_Task item:_ Transcribe the stretch of entries below from the line with "O que fazer em Araxá - 40 - 1" through the line with "Poster Black Eyed", exactly and with both ends included; leave out all other lines.

[Web page caption snippets]
....
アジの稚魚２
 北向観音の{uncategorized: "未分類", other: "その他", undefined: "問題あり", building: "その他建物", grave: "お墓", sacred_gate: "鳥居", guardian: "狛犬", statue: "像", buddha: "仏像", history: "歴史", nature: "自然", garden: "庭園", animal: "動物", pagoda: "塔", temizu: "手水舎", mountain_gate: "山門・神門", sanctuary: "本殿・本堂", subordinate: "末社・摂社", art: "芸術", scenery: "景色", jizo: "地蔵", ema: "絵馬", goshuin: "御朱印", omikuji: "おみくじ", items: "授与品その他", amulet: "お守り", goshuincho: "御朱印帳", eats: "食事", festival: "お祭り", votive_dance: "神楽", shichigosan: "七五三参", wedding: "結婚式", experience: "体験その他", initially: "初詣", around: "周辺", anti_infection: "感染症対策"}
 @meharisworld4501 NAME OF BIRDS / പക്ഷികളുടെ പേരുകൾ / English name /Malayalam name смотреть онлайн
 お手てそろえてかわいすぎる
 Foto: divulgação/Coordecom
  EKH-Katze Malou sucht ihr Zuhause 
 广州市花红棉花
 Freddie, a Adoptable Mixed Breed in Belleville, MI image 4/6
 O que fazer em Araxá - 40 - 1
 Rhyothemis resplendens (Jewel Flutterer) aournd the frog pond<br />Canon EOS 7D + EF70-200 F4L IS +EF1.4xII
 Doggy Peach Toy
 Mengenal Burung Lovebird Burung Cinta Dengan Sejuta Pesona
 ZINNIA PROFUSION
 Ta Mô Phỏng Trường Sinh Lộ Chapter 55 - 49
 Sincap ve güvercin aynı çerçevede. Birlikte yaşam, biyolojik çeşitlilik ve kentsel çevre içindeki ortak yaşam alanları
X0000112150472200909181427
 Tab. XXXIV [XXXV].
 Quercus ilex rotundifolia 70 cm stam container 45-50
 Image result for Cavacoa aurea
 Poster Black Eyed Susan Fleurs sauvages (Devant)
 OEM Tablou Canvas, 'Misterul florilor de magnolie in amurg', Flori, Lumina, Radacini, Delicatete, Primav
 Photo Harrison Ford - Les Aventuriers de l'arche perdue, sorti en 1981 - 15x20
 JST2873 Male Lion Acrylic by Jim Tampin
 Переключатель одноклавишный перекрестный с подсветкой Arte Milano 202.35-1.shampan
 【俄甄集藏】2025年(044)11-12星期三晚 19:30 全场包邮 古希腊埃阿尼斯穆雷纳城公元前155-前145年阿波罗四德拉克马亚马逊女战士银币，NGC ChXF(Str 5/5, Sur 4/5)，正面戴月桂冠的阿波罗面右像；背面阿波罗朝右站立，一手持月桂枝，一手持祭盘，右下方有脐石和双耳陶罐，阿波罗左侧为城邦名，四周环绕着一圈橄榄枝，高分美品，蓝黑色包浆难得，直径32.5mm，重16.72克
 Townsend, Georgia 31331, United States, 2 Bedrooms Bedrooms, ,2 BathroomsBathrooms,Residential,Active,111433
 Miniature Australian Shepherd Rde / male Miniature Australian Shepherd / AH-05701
....
_Response below:_
 O que fazer em Araxá - 40 - 1
 Rhyothemis resplendens (Jewel Flutterer) aournd the frog pond<br />Canon EOS 7D + EF70-200 F4L IS +EF1.4xII
 Doggy Peach Toy
 Mengenal Burung Lovebird Burung Cinta Dengan Sejuta Pesona
 ZINNIA PROFUSION
 Ta Mô Phỏng Trường Sinh Lộ Chapter 55 - 49
 Sincap ve güvercin aynı çerçevede. Birlikte yaşam, biyolojik çeşitlilik ve kentsel çevre içindeki ortak yaşam alanları
X0000112150472200909181427
 Tab. XXXIV [XXXV].
 Quercus ilex rotundifolia 70 cm stam container 45-50
 Image result for Cavacoa aurea
 Poster Black Eyed Susan Fleurs sauvages (Devant)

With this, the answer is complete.